Can The Economic News From Japan Possibly Get Worse?

Japan’s Exports Plunge By 45% In January

Six months ago, no one in his right mind would have predicted a 45% decline in Japan’s exports.  The drop in exports has no comparable statistics, as Bloomberg reports.

Feb. 25 (Bloomberg) — Japan’s exports plunged 45.7 percent in January from a year earlier, resulting in a record trade deficit, as recessions in the U.S. and Europe smothered demand for the country’s cars and electronics.

The shortfall widened to 952.6 billion yen ($9.9 billion), the biggest since 1980, the earliest year for which there is comparable data, the Finance Ministry said today in Tokyo. The drop in shipments abroad eclipsed a record 35 percent decline set the previous month.

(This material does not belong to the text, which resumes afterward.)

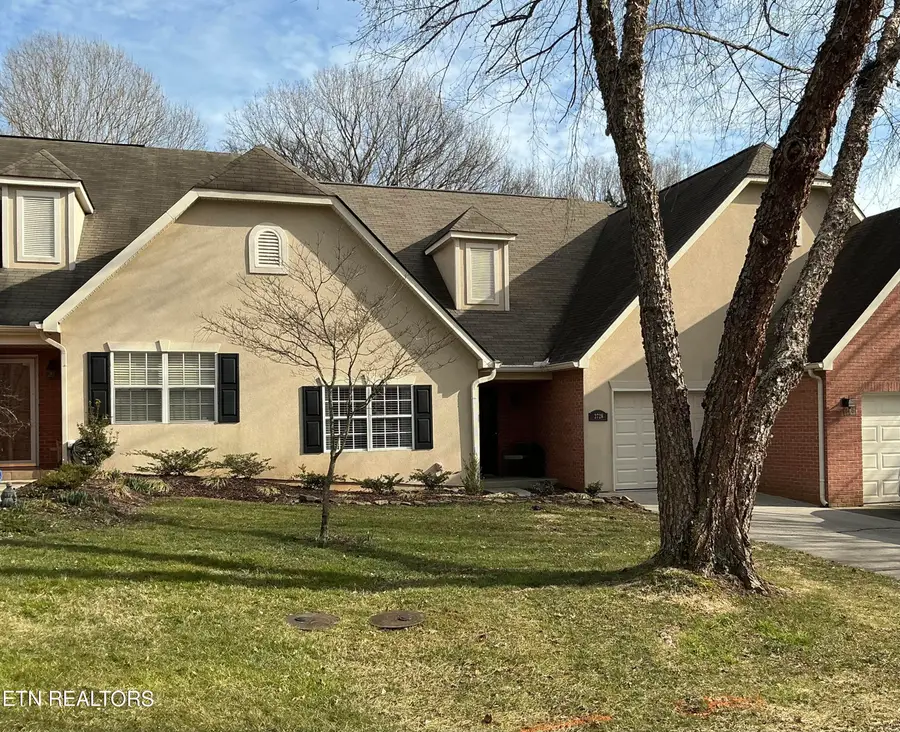 2728 Knob Creek Lane, Knoxville, TN 37912 - Image #2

Exports to the U.S. tumbled an unprecedented 52.9 percent from a year earlier, and shipments to Asia and Europe also posted the largest-ever declines as the global recession deepened. The collapse is likely to force Japanese companies to keep firing workers and closing factories, worsening an economy that shrank the most in 34 years last quarter.

“The pressure on companies to cut jobs and investment is rising and that will make the recession deep and protracted,” said Yasuhide Yajima, a senior economist at NLI Research Institute in Tokyo.

Shipments to Europe slid 47.4 percent in January from a year earlier, the Finance Ministry said. Exports to China fell 45.1 percent and those to Asia dropped 46.7 percent.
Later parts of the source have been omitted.